A physician, called by the defendant, testified that he was the family physician of the plaintiff in 1929; that he was called to attend him on February 2, 1929; that he was in bed, and had a temperature, headache, chills and dizziness; that he saw the plaintiff on February 6, and his condition was the same; that he called in Dr. Jordan, a neurologist, on February 11 or 12, because of neurological symptoms of dizziness and blurring of vision; that after Dr. Jordan's examination the witness made another diagnosis, on February 11 or 12, of encephalitis lethargica; that he continued treating the plaintiff on February 18 and 24; that up to March 7 the neurological symptoms of "blurring, tremor of the hands and tremor of the tongue had not diminished"; that the plaintiff was confined to

Page 235

his house by reason of his illness for thirty-eight days, from February 1 to March 11, 1929; and that he did not treat him again until 1930, when he advised the plaintiff to give up driving a car, and to see a neurologist. [Note p235] Dr. Jordan, called by the defendant, testified that he examined the plaintiff in February, 1929, at the request of Dr. Lazarus; that the plaintiff then had double vision, and tremor of the tongue and fingers; and that his diagnosis was encephalitis lethargica.

It could have been found that up to the middle of 1930 the plaintiff was engaged with another person in the wholesale dry goods business, and acted as a travelling salesman; that he performed the duties incidental to his business in a normal manner; that he operated an automobile and attended to other duties relating to the details of the business of the company, until the middle of 1930, and was in every respect in good health.

At the close of the evidence the defendant presented the following requests for rulings: "1. The application filed by the plaintiff to the Continental Casualty Company for sickness benefits is not only evidence that the plaintiff was suffering from the disease of encephalitis lethargica prior to May 28, 1929, but it is also an admission by which the plaintiff is bound. 2. That unless the plaintiff has produced some medical testimony to show the date of the origin of his disease from which he is suffering, he has not sustained the burden of proof." The judge refused to grant these requests, and the defendant excepted. It also excepted to the denial of its motion for a directed answer to the special question. The jury answered the special question

Page 236

in the negative. Thereafter the judge directed the jury to return a verdict for the plaintiff. To this direction the defendant excepted.

The evidence warranted a finding that when the policy was issued by the defendant to the plaintiff on May 28, 1929, the plaintiff was in sound health. The family physician of the plaintiff, who was called by the defendant, so testified. Although there was evidence to the contrary, the answer of the jury shows that it was not credited. There was no evidence which required a finding that the plaintiff was ill before the policy was issued on May 28, 1929, with the exception of a cold in February, 1929, which confined him to his house for a couple of days. There was testimony of lay witnesses tending to show that he was in good health when the policy was issued.

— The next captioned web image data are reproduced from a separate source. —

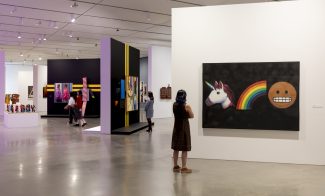 A person stands in a gallery, looking at a colorful painting of a unicorn, rainbow, and emoji on a black background. Other visitors view artworks displayed on black walls in the middle of the space.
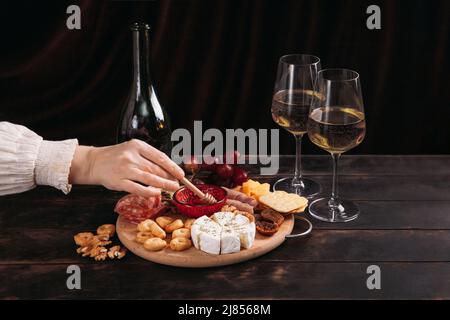 Die Hand der Frau nimmt ein Stück Käse aus dem Vorspeisen-Brett mit verschiedenen Käsesorten, Fleisch, Wurstrosette, Trauben und Keksen. Stockfoto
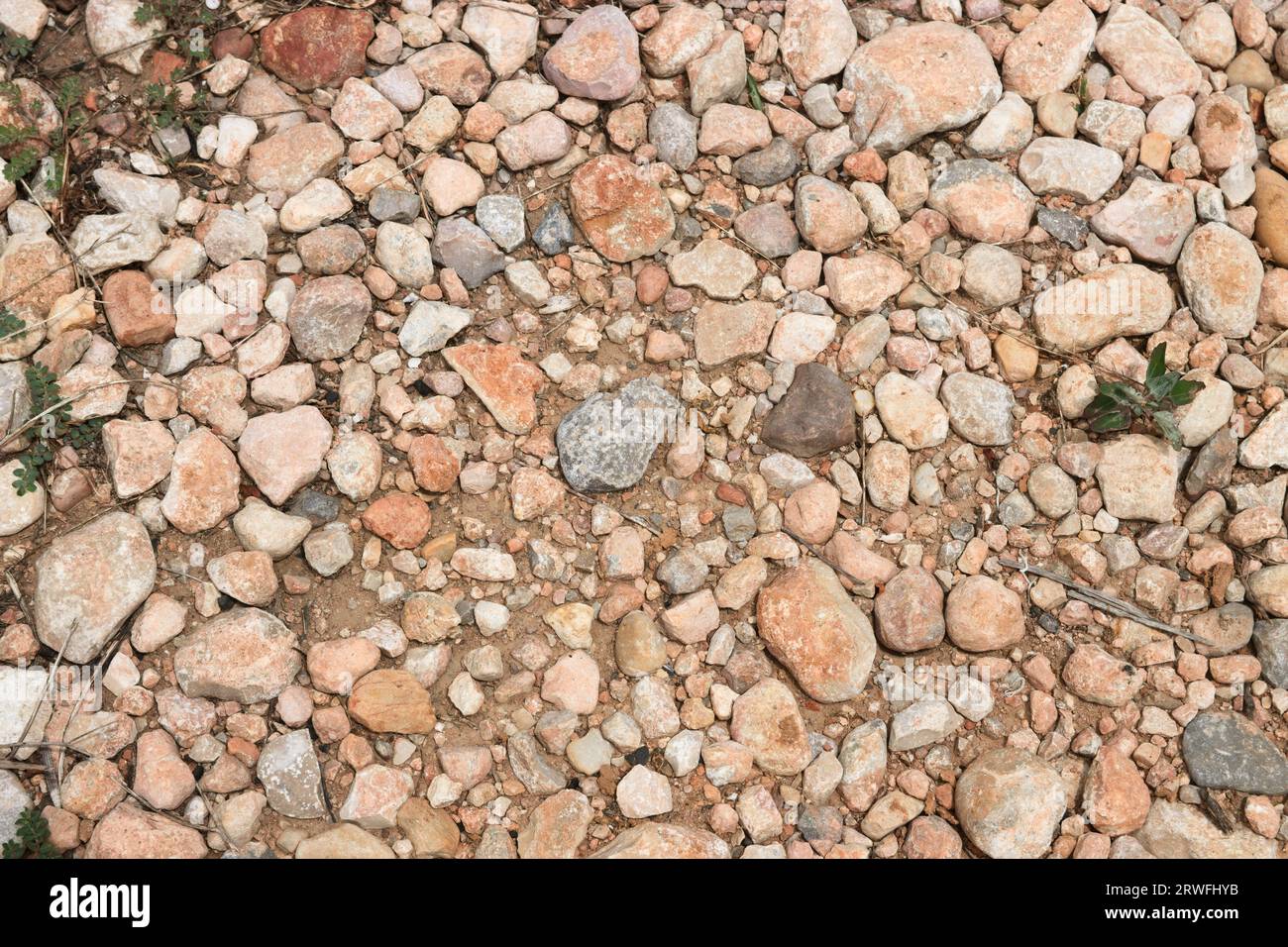 Immagine di alcune pietre e ghiaia che formano il terreno di una strada rurale che funge da sfondo per temi rustici Foto Stock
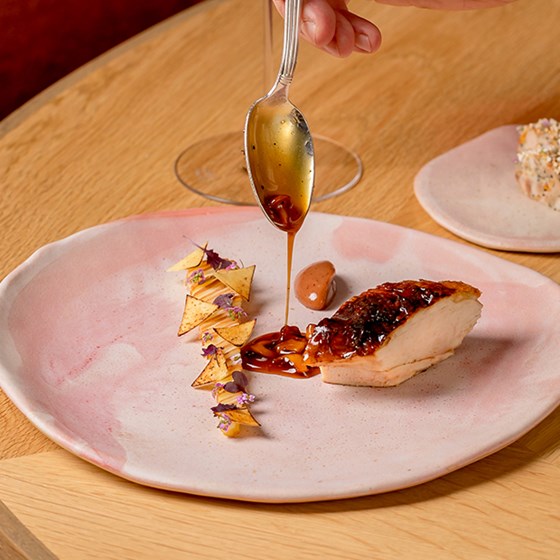 A delicious dish served on a pink plate, served and decorated with sauce and edible flowers.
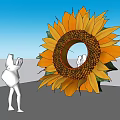 Giant Sunflower Sculpture Featuring Circular Hole With People Inside And Person Taking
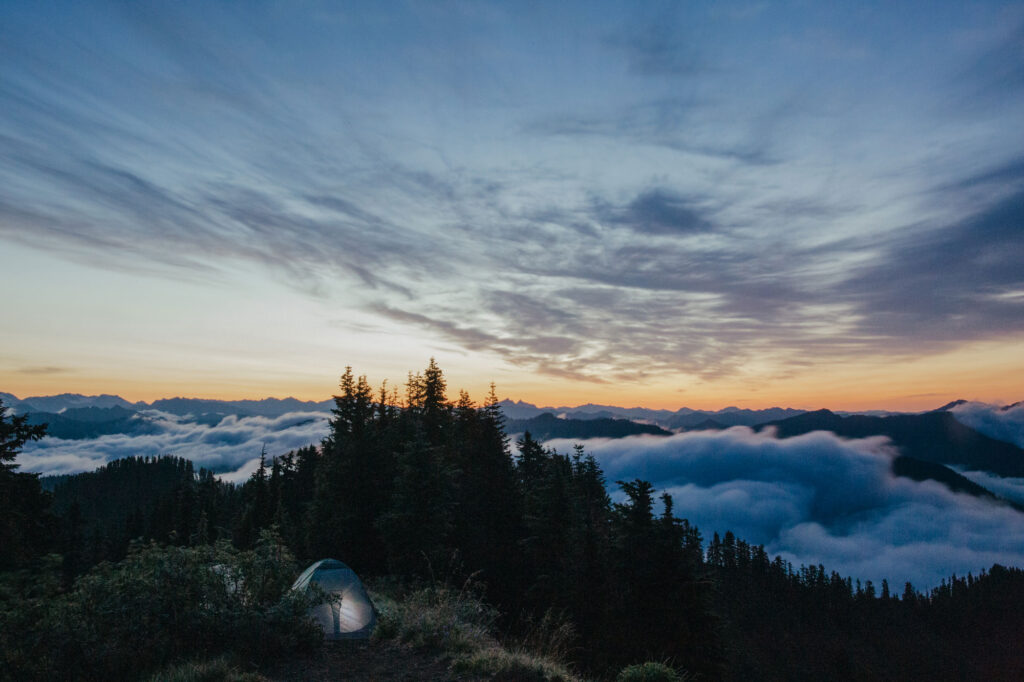 A lit up camping tent atop of a mountain as the sun sets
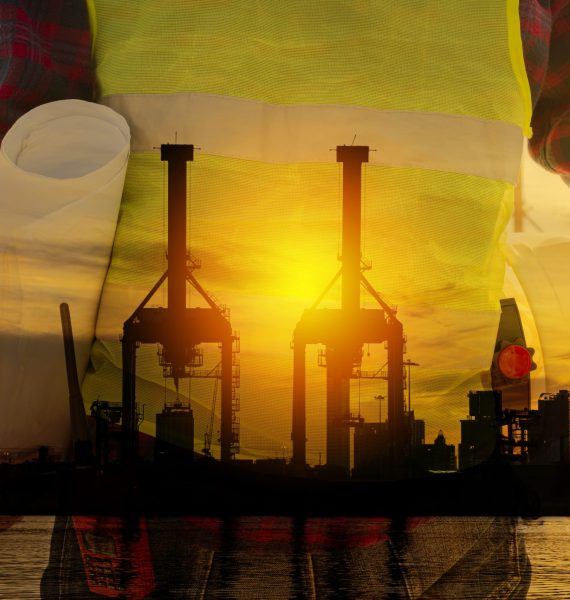 Silhouette of engineers and workers checking the project on the background of the building site, the cargo port at sunset in the evening, the world map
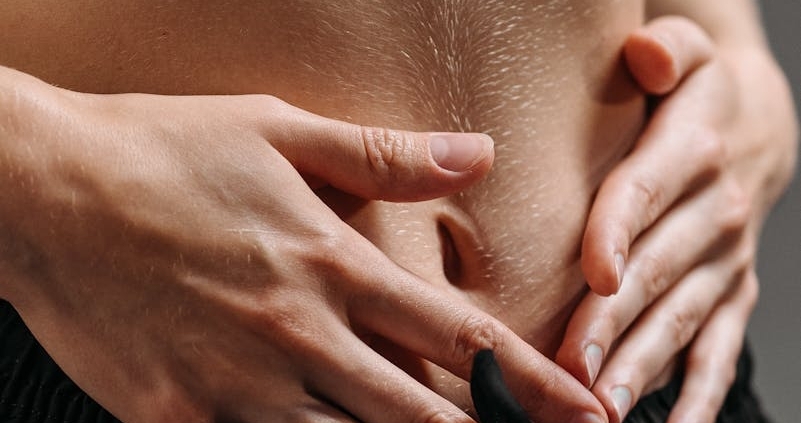 Hands resting on a toned stomach in sportswear, reflecting fitness and health.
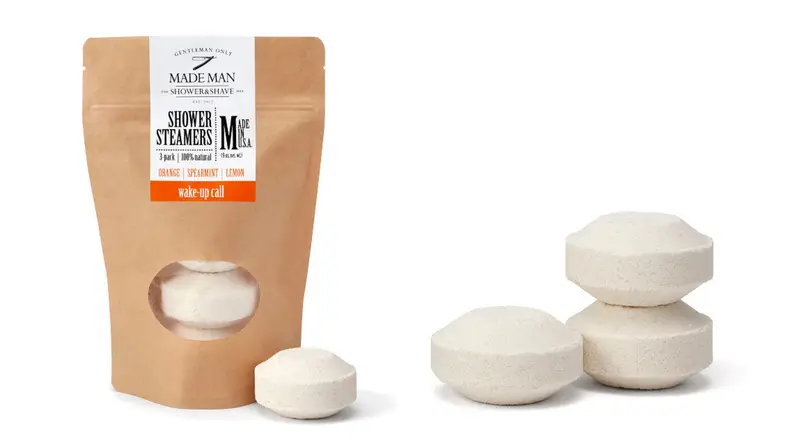 On right, product shot of paper pouch of essential oil steamers. On right, three white oil shower diffusers.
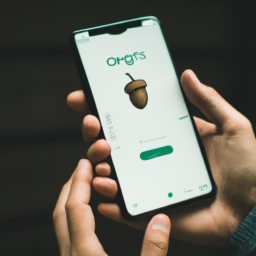 description: an anonymous image depicting a user navigating through the acorns app on a smartphone, showcasing the simplicity and convenience of the platform.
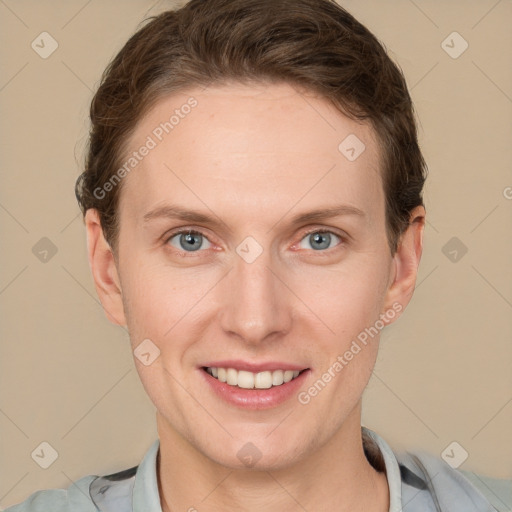 Joyful white young-adult female with short  brown hair and grey eyes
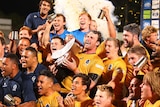 Winners are grinners ... Brisbane City captain Dave McDuling holds up the NRC trophy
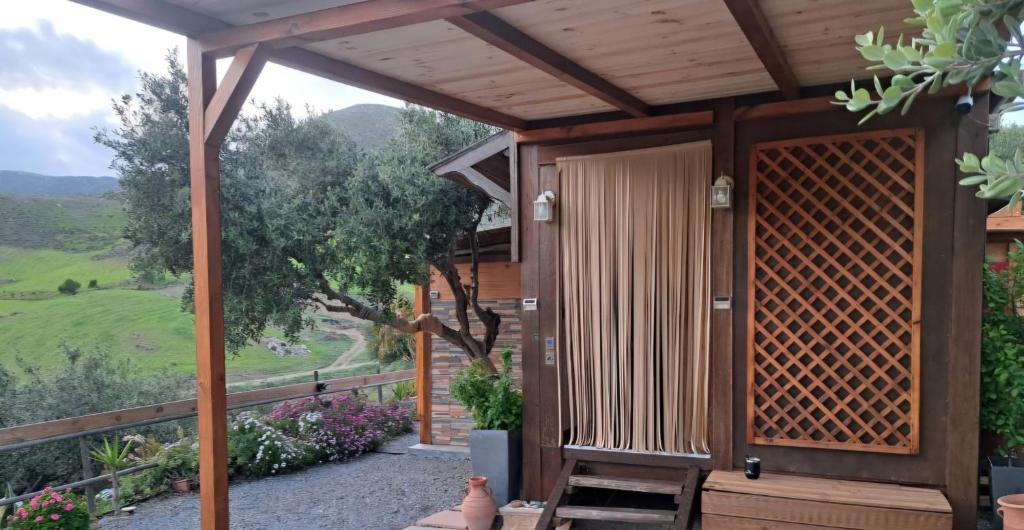 a wooden pergola with a view of a field at Wooden House at the Mountain-private in Paránimfoi
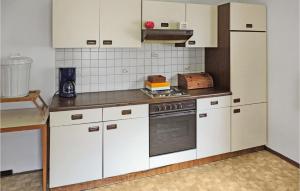 a kitchen with white cabinets and a stove at Awesome Apartment In Kappl With 3 Bedrooms And Internet in Kappl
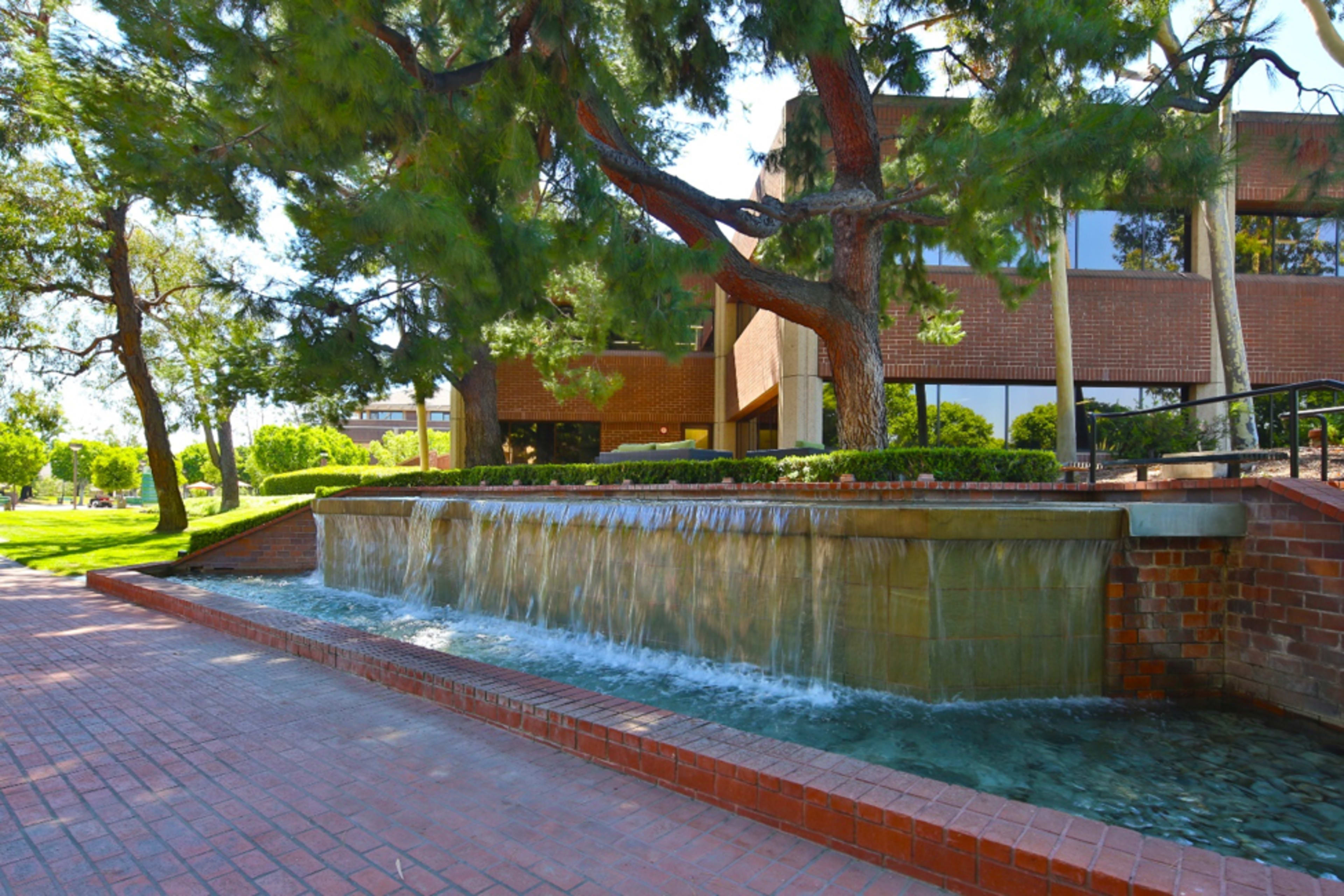 A low stone fountain with cascading water, surrounded by trees and a brick pathway adjacent to a modern building.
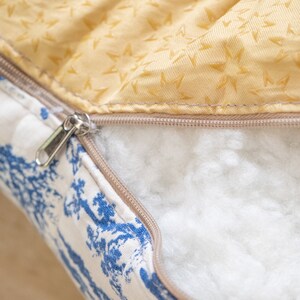 May include: A close-up of a zipper on a pillow with a white and blue floral pattern on one side and a yellow fabric with a star pattern on the other side.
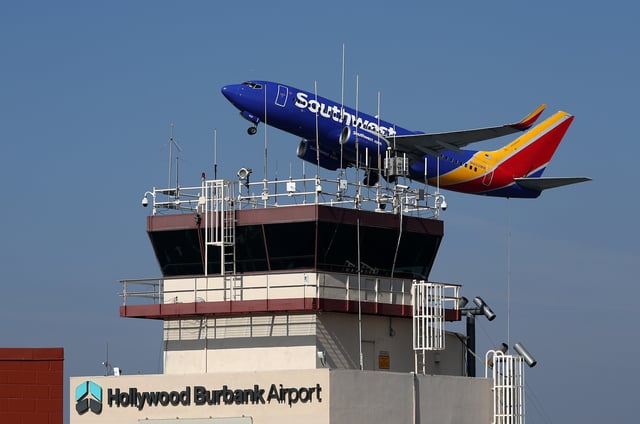 BURBANK, CALIFORNIA – SEPTEMBER 25: A Southwest Airlines take off past the control tower at Burbank Hollywood Airport on September 25, 2023 in Burbank, California. Transportation Secretary Pete Buttigieg is warning that vital training for new air traffic controllers would be paused if the government shuts down later this week. The Department of Transportation currently has 2,600 much needed air traffic controllers undergoing training and employs 1,200 fewer certified controllers than that agency did 10 years ago. (Photo by Justin Sullivan/Getty Images)
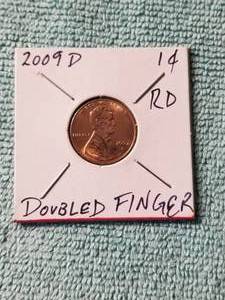 lot 16 image: 2009-D - Double finger penny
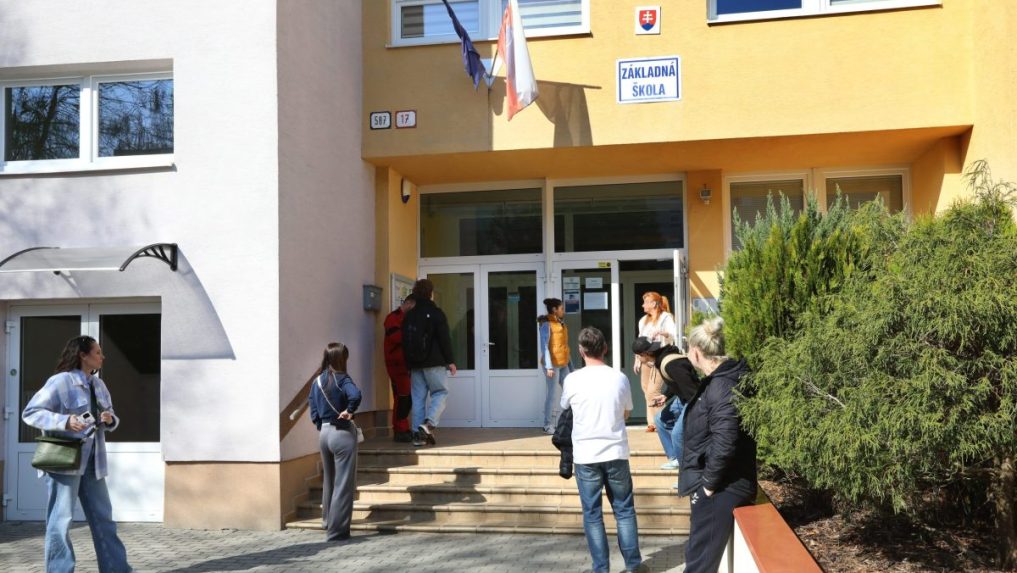 ľudia pred školou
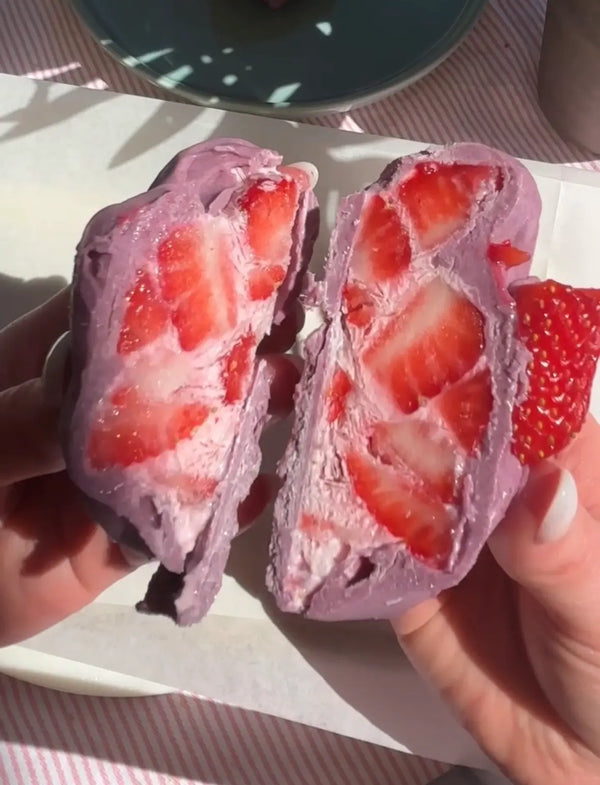 Glace maison à la poudre d'ube et fraises fraîches coupée en deux, crème violette et fruits rouges incrustés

As the defendant's requests for rulings were rightly denied the entry will be

Exceptions overruled.


[Note p235] This witness testified in cross-examination that after March 7, 1929, so far as he knew, the plaintiff resumed his usual occupation; that he had been at the plaintiff's home after March 7 to treat the plaintiff's children; that he saw the plaintiff up and around; that there was nothing unusual about the plaintiff; that he seemed to be perfectly normal and healthy, moving around actively; "that after March 7, as far as the witness was concerned the plaintiff was perfectly all right; that the witness and the plaintiff live in the same neighborhood; that he saw him various times during 1929; that he seemed perfectly normal; that as far as the witness knows, the plaintiff was normal throughout 1929: and also perfectly well and normal until the latter part of 1930." - REPORTER.